Short descriptive text snippets:
%%

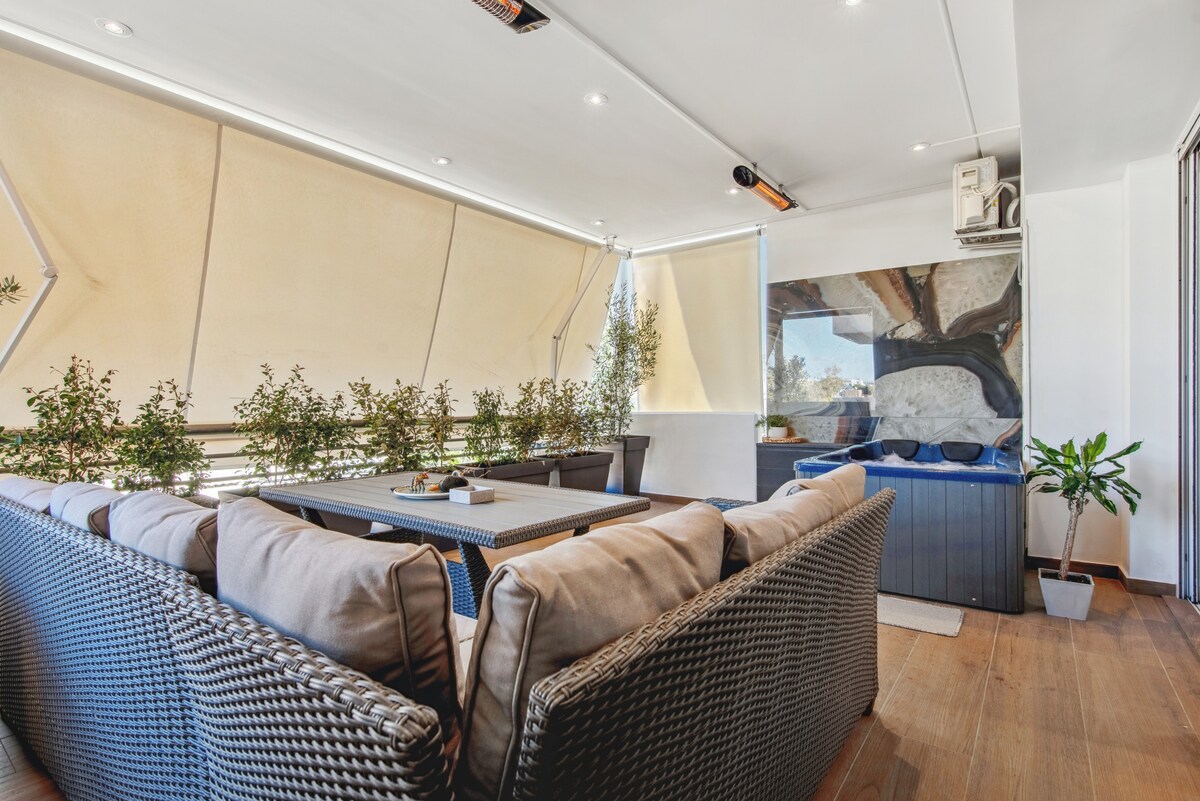 A spacious veranda is showcased with comfortable seating arranged around a sizable table. Lush greenery lines the edges, offering a serene atmosphere. A private Jacuzzi can be seen against a reflective wall, enhancing the outdoor experience.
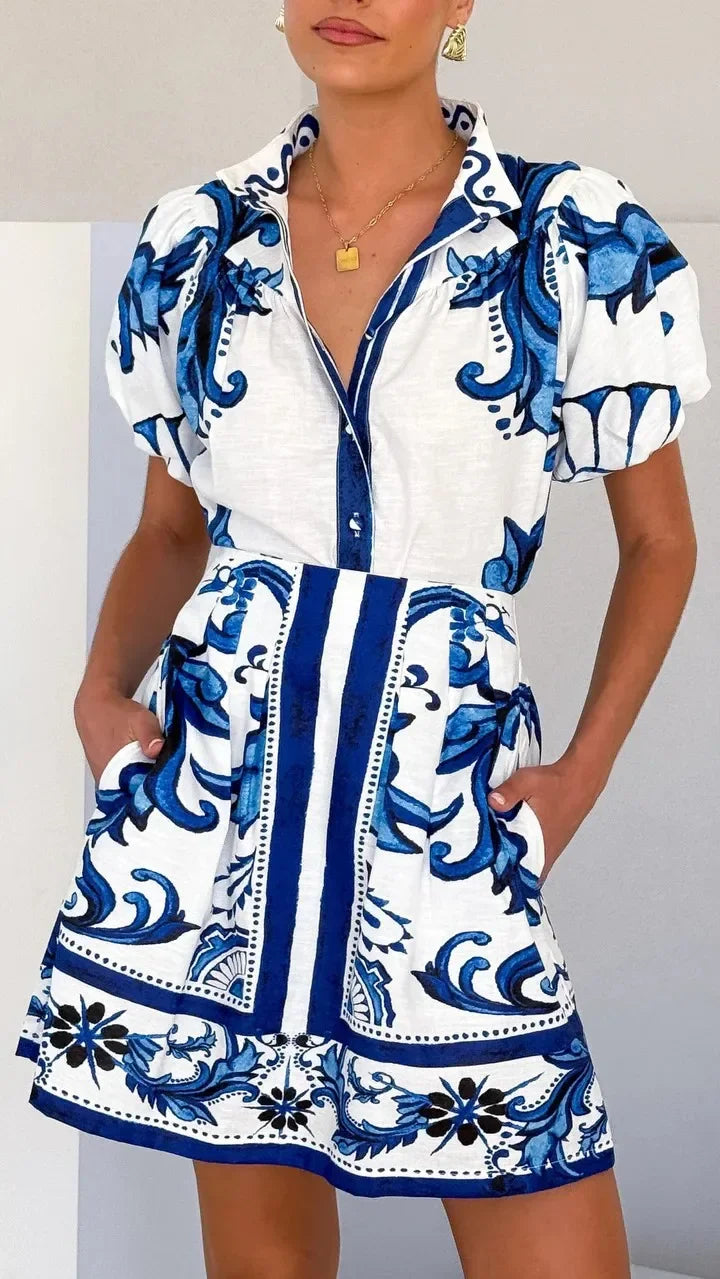 Chic women's floral cocktail dress with puff sleeves, flattering modern design.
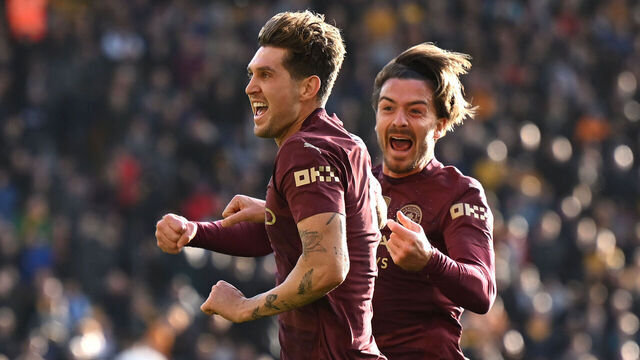 WOLVERHAMPTON, ENGLAND - OCTOBER 20: John Stones of Manchester City celebrates scoring his team's second goal with teammate Jack Grealish during the Premier League match between Wolverhampton Wanderers FC and Manchester City FC at Molineux on October 20, 2024 in Wolverhampton, England.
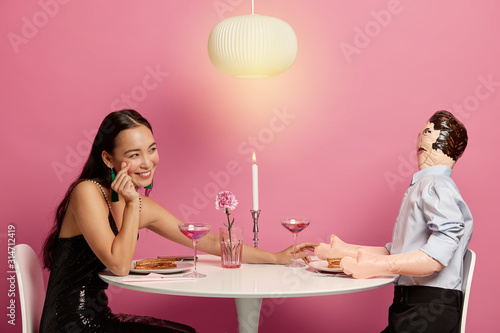 Affectionate woman makes korean like sign  stretches hand to lover  pose at festive dinner table  expresses love to imaginary boyfriend  enjoy lunch time and communication  romantic atmosphere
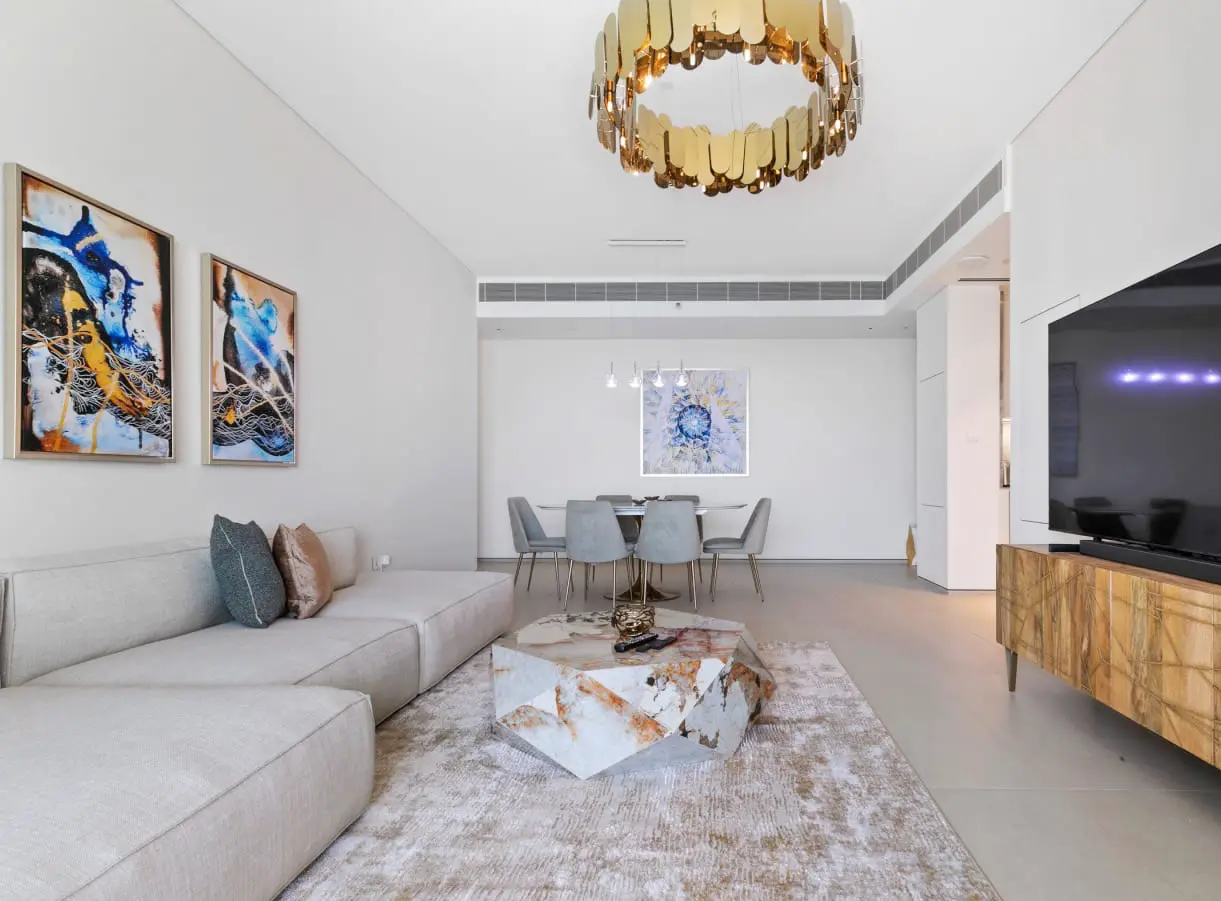 Elegant sitting area with modern classic interiors and gold accents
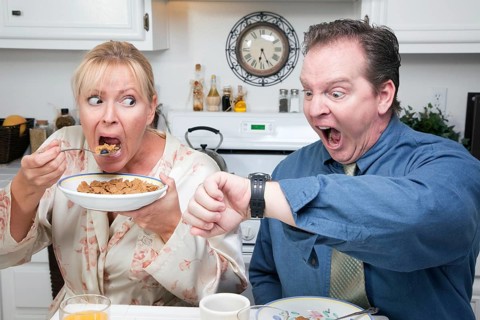 Late for work stressed couple checking time in kitchen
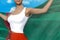 Sexy lady in bright skirt holds Turkmenistan flag in hands behind her back on the cloudy sky background - flag concept 3d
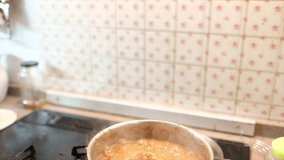 Cooking Malay dish Kuah Laksa Johor or rice noodle curry gravy in the kitchen. Selective focus.Tilt down footage.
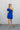 Full body back view of model wearing the In Your Dreams Dress that has royal blue fabric, royal blue lining, a wrap waist, a ruffle hem, one shoulder with a short sleeve, and a monochromatic side zipper with a hook closure.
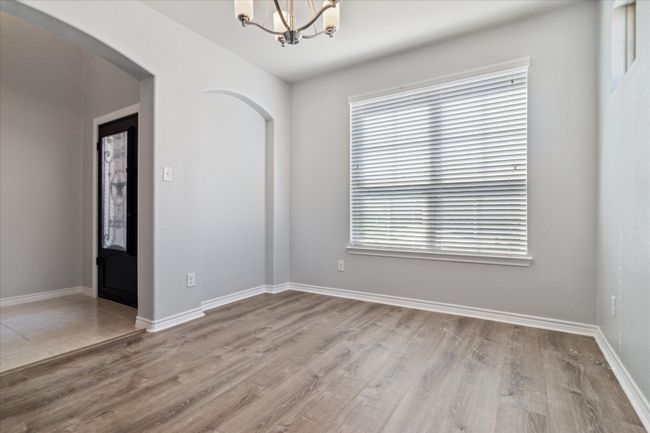 Spare room with baseboards, arched walkways, an inviting chandelier, and wood finished floors | Image 4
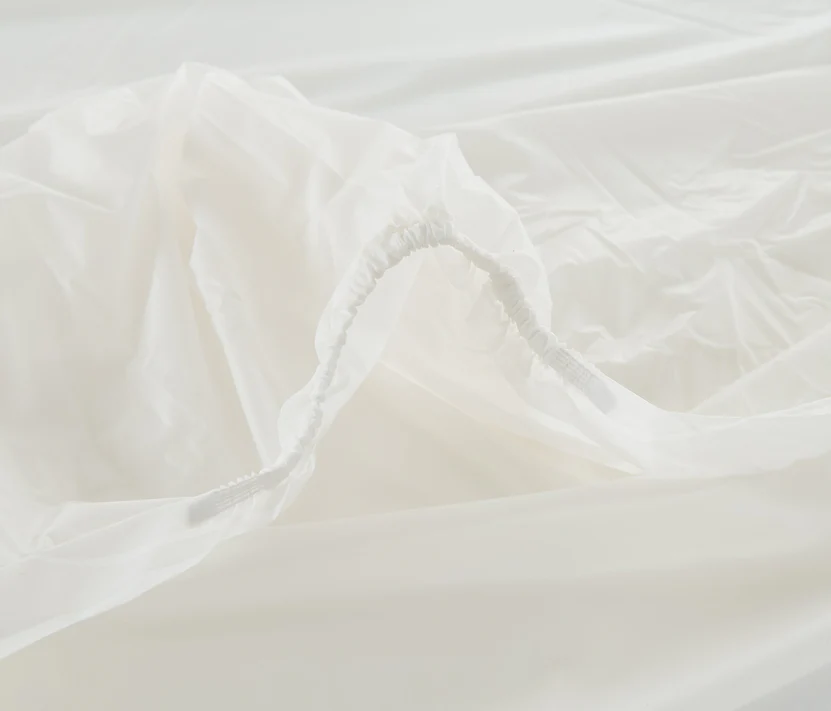Close-up of the Bargoose 6 Gauge Vinyl Fitted Waterproof Mattress Cover, 9 deep, shows its white elastic-edged fit spread flat. The gathered seam creates folds like those on a typical waterproof mattress protector.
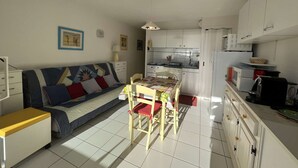 Un espace de vie compact comprenant un canapé, une table à manger et une kitchenette.
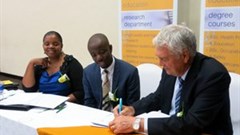 Professor Stuart Whittaker, CEO of COHSASA, signs a Memorandum of Agreement with Boitekanelo College in Botswana as (from left), Dr Khumo Seipone, Director of Health Services in the Ministry of Health and Dr Tiro Mampane, Managing Director of Boitekanelo College look on.
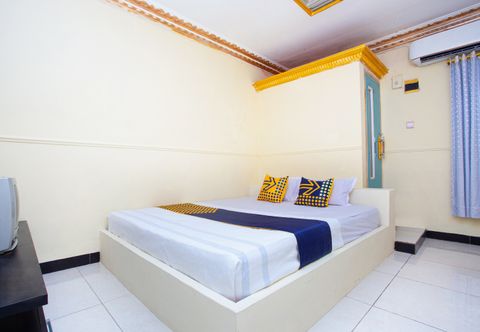 Bedroom SPOT ON 2473 Buana Jaya Residence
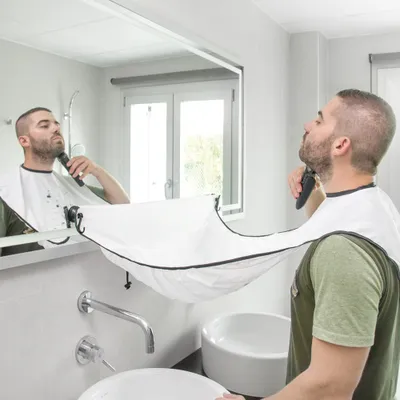 Immagine prodotto di innovagoods, bavaglino raccogli-barba con ventose, 1 pezzo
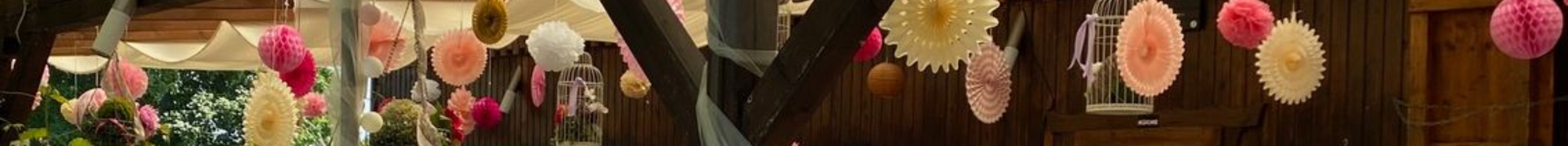 Sitzgelegenheiten im Schlossheurigen Vösendorf im Freien mit Holztischen, geflochtenen Stühlen und Bäumen, die Schatten spenden.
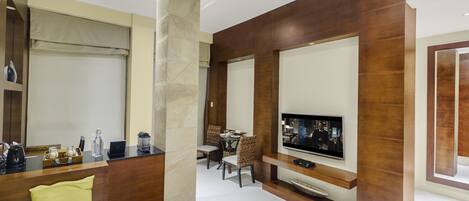 Quarto de hotel moderno com área de estar, espaço para refeições e televisão na parede.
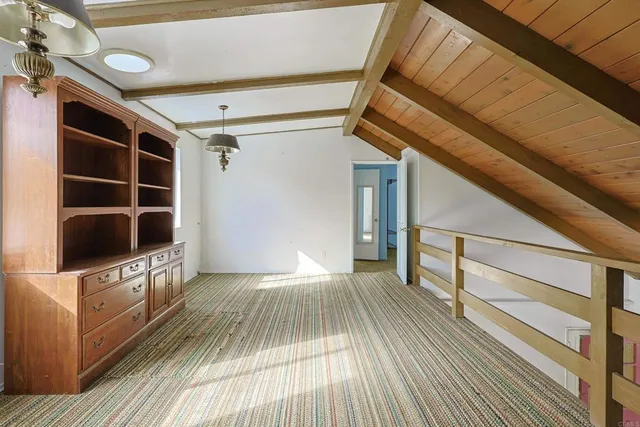 a view of a balcony with a large window and wooden fence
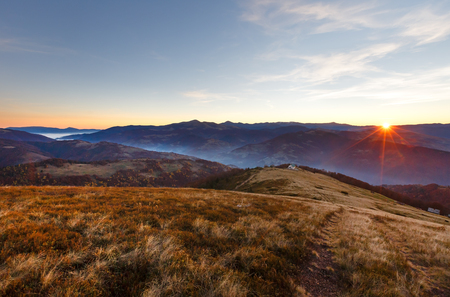First beams of rising sun in autumn Carpathian. Mountain top daybreak landscape.の写真素材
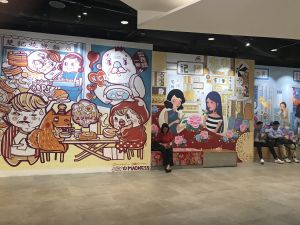 Massive murals inside H6 CONET showcasing the features and history of several streets, such as the former dai pai dongs (open air food stalls) at Gilman Street and the textile shops on Wong On Street.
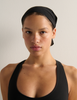 Person wearing a black swim cap and black bathing suit against a plain background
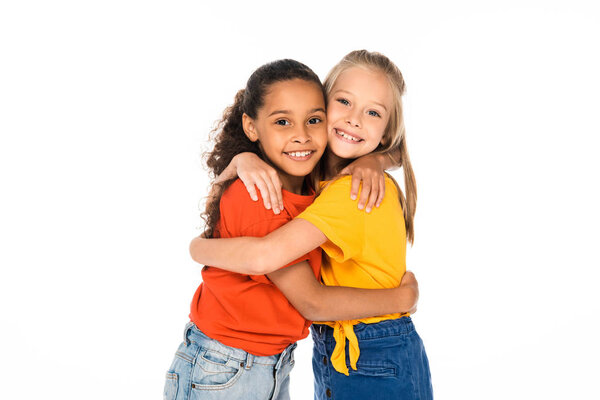 two happy multicultural friends embracing while looking at camera isolated on white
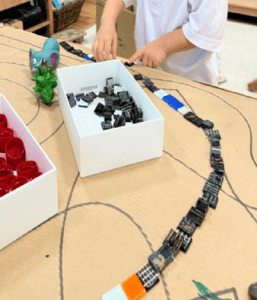Student creating a track using various paper cutouts
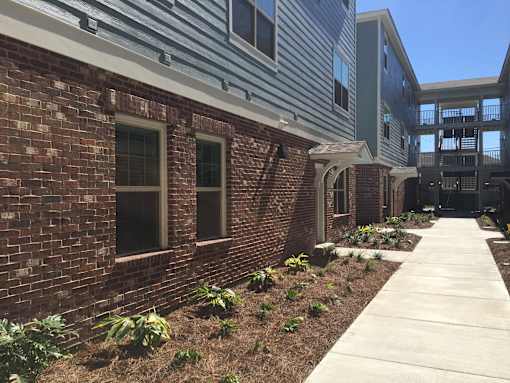 A brick building with a walkway in front.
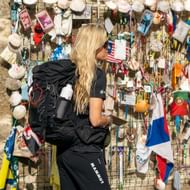 Vrouwelijke pelgrim met zwarte rugzak bekijkt een muur bedekt met schelpen, vlaggen en souvenirs op de Portugese Camino, dag 11.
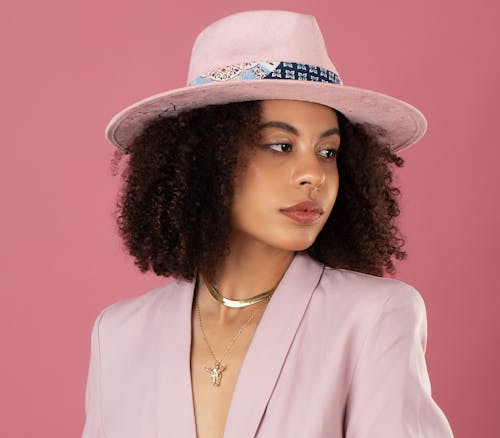 A Portrait of a Woman Wearing a Pink Blazer and a Pink Hat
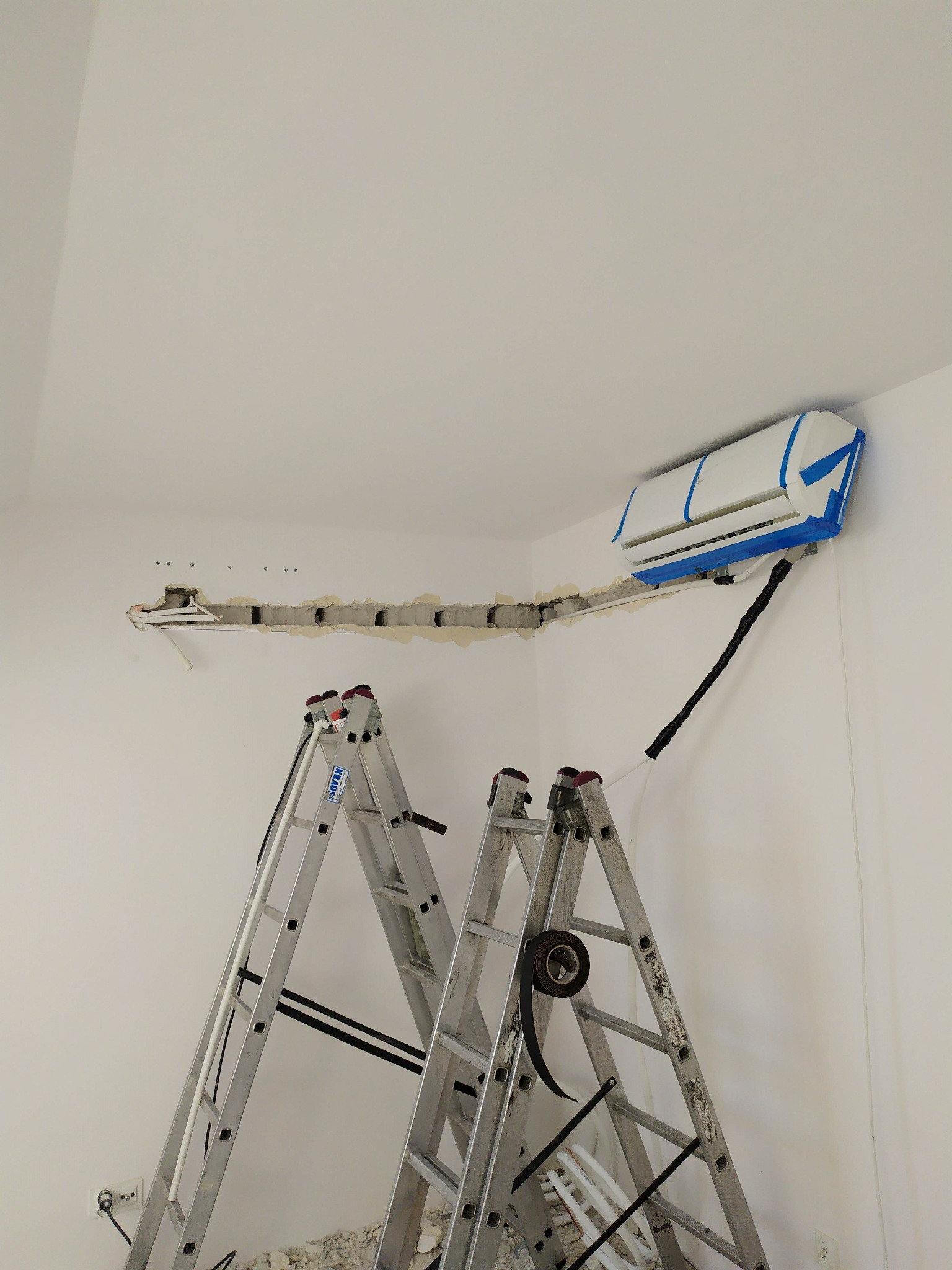 Montaż klimatyzatora w pomieszczeniu, widoczne dwie drabiny aluminiowe, jednostka wewnętrzna klimatyzacji zabezpieczona niebieską taśmą malarską, bruzda w ścianie przygotowana pod instalację.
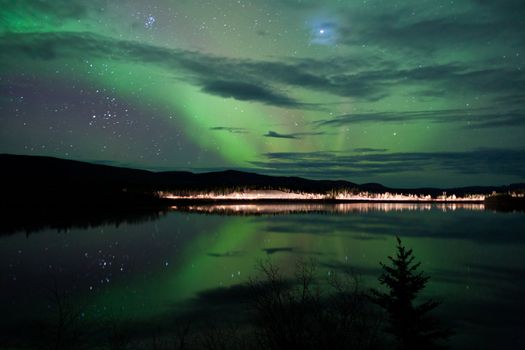 Night Sky Stars, clouds and Northern Lights over country road at lake shore, Yukon, Territory, Canada.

%%

* [Exercise instructions]: Look above for the line with "Bedroom SPOT ON 2473 Buana Jaya Residence", then give again exactly every line from there through the line with "First beams of", skipping the pictures.

* [Reply to the task]:
 Bedroom SPOT ON 2473 Buana Jaya Residence
 Immagine prodotto di innovagoods, bavaglino raccogli-barba con ventose, 1 pezzo
 Sitzgelegenheiten im Schlossheurigen Vösendorf im Freien mit Holztischen, geflochtenen Stühlen und Bäumen, die Schatten spenden.
 Quarto de hotel moderno com área de estar, espaço para refeições e televisão na parede.
 a view of a balcony with a large window and wooden fence
First beams of rising sun in autumn Carpathian. Mountain top daybreak landscape.の写真素材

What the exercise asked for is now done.